──────── LISTED RECORDS
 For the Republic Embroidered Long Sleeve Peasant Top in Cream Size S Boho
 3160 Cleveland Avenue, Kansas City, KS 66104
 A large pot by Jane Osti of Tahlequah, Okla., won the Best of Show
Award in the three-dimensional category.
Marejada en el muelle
────────────────
──────── LISTED RECORDS
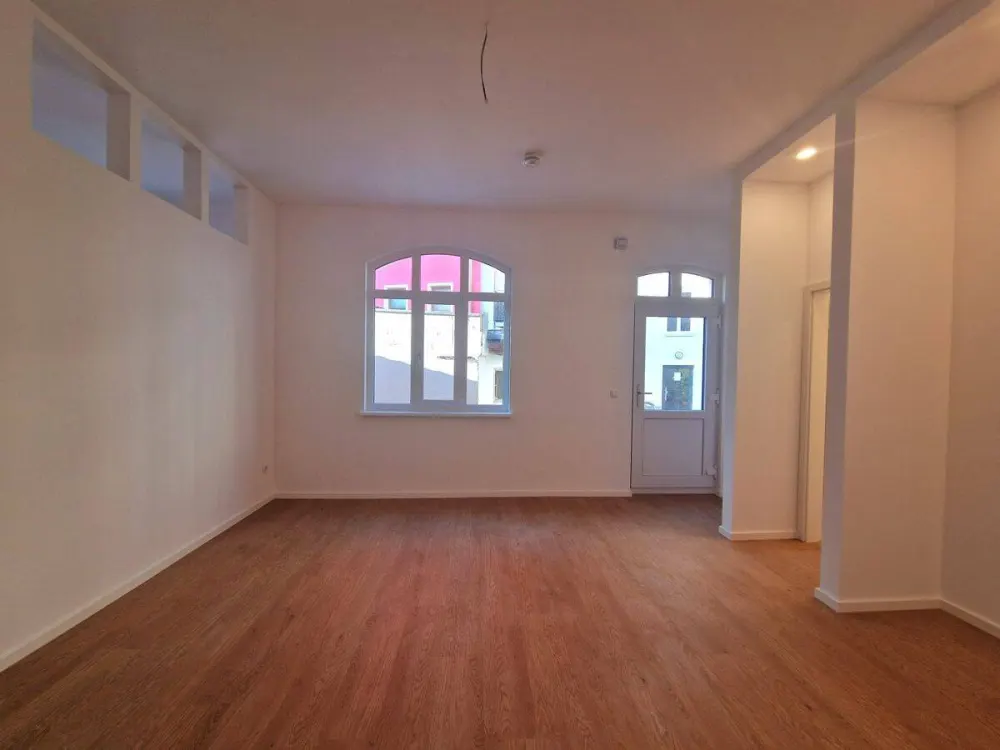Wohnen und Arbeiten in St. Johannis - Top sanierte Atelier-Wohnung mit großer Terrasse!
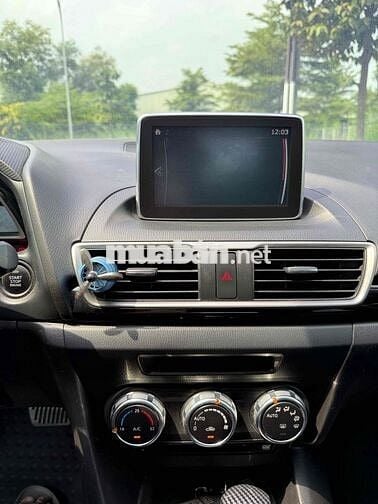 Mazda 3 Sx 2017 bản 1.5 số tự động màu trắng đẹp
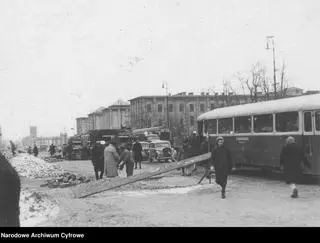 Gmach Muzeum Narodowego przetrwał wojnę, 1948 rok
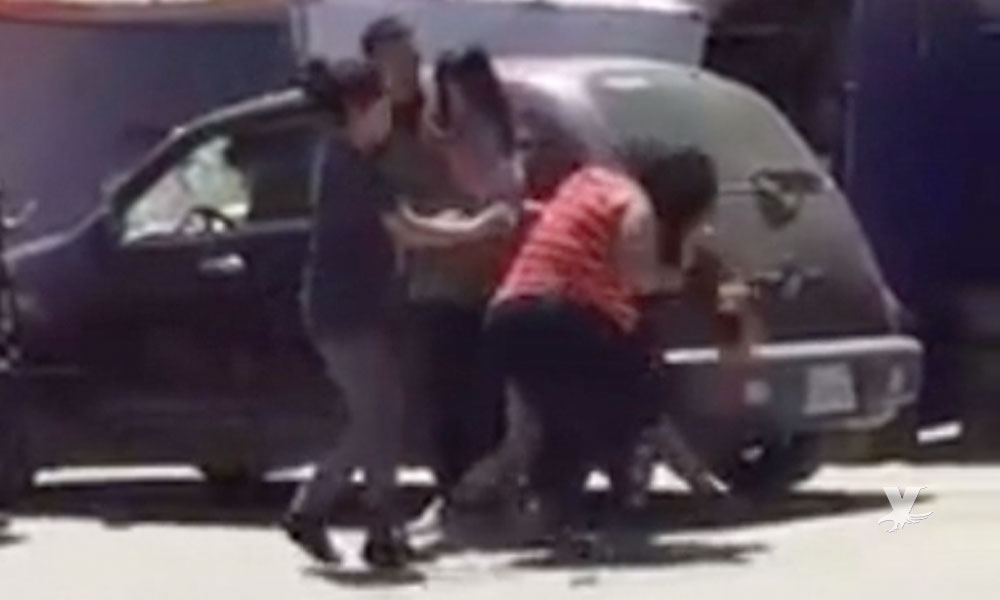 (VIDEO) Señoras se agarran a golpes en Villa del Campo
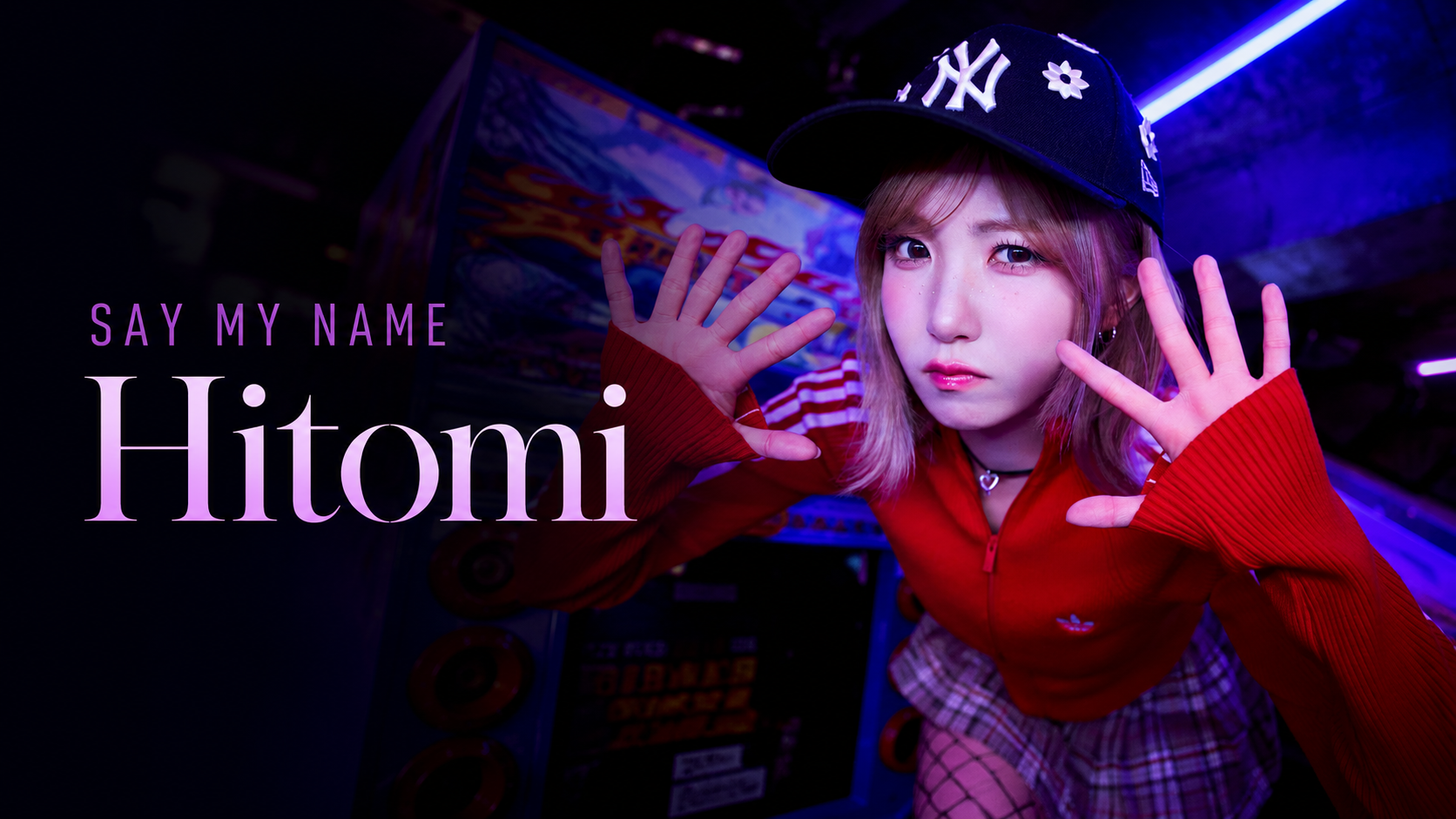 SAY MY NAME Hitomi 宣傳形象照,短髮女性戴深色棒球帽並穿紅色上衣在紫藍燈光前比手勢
────────────────
──────── LISTED RECORDS
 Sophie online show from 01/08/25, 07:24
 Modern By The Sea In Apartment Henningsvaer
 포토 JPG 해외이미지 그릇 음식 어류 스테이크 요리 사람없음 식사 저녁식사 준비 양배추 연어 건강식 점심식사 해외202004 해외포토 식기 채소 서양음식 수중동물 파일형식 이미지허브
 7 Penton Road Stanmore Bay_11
────────────────
▸ **TASK BRIEF**: Using the entries above, transcribe exactly from the line that has "Gmach Muzeum Narodowego" through the line that has "SAY MY NAME". Pictures are dropped.

▸ **COMPLETED EXERCISE**:
 Gmach Muzeum Narodowego przetrwał wojnę, 1948 rok
 (VIDEO) Señoras se agarran a golpes en Villa del Campo
 SAY MY NAME Hitomi 宣傳形象照,短髮女性戴深色棒球帽並穿紅色上衣在紫藍燈光前比手勢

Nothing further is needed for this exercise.